Captioned web image data
* * * *

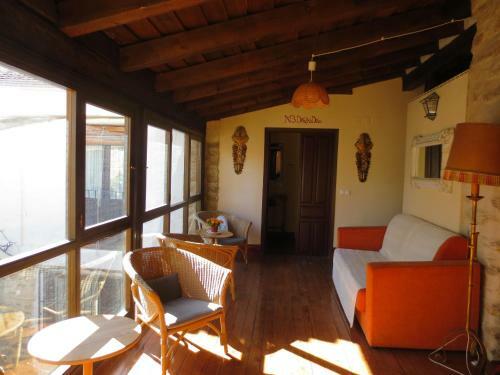 Apartamentos Tur�sticos El Losal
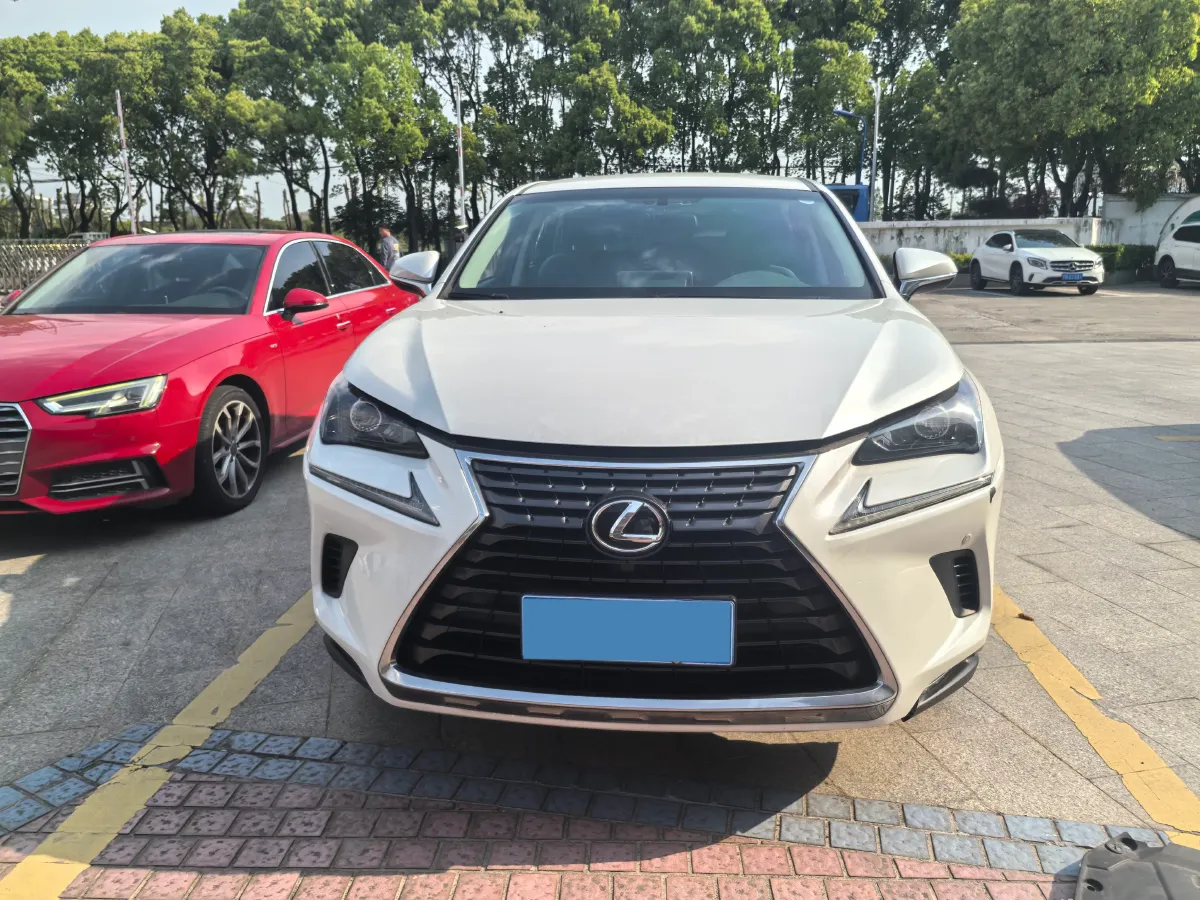 2018 Lexus NX 2.0L 150HP L4 CVT,autocango,china used car exporter,china ev exporter,chinese used car exporter,chinese used ev exporter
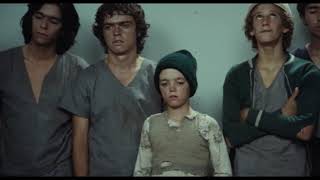 IB HL Film Comparative Study - Grade 7 (PIxote/Gummo)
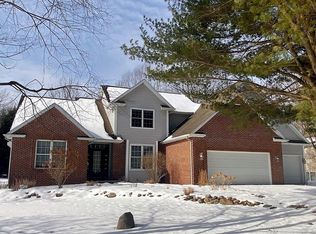 7313 Stoney Creek Dr, Augusta, MI 49012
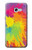 S3675 カラースプラッシュ Color Splash Samsung Galaxy A5 (2017) バックケース、フリップケース・カバー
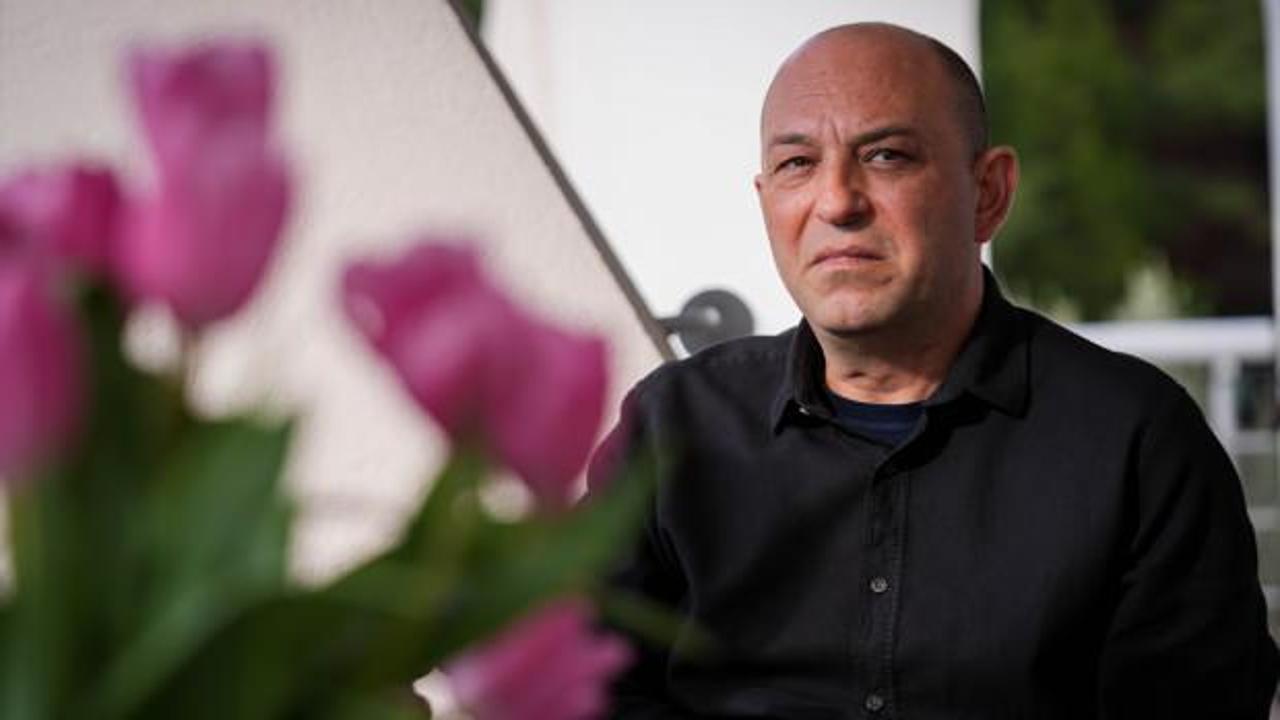 Korkunç yangında eşini ve kızını kaybetti: 'Onlarca insana tabut yapmışlar'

* * * *

The problem - The answer must be the lines above, word for word, from the first one through the line with "7313 Stoney Creek Dr, Augusta, MI 49012", pictures excluded.

Solution below -
 Apartamentos Tur�sticos El Losal
 2018 Lexus NX 2.0L 150HP L4 CVT,autocango,china used car exporter,china ev exporter,chinese used car exporter,chinese used ev exporter
 IB HL Film Comparative Study - Grade 7 (PIxote/Gummo)
 7313 Stoney Creek Dr, Augusta, MI 49012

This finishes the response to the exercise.